> _Problem statement_: If a line in the entries below contains the word "Women", it counts; report how many such lines there are, and only that number.

> _Supplied records_:
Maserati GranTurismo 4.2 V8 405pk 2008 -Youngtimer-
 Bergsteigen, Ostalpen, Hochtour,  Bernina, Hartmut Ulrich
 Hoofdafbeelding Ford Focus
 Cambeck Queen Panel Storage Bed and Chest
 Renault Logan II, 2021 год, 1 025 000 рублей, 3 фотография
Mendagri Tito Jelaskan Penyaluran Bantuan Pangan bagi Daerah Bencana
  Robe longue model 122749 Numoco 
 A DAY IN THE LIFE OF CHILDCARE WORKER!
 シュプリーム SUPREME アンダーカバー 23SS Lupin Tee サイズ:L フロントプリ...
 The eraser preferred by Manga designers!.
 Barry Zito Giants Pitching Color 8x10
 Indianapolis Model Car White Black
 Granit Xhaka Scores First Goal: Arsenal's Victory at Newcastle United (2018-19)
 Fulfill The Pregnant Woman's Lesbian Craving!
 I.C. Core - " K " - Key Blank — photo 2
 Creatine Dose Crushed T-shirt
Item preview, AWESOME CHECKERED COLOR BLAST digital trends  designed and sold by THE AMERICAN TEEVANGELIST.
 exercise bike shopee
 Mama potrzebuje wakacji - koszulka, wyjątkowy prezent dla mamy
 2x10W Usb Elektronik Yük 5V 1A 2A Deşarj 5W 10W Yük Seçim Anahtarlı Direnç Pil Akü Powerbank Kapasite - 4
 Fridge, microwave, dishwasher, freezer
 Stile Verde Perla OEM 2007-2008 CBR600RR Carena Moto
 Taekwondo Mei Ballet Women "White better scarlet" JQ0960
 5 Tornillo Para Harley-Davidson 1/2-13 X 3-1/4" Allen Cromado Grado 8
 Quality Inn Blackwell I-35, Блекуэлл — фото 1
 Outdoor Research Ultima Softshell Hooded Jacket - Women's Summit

> _The answer_: 2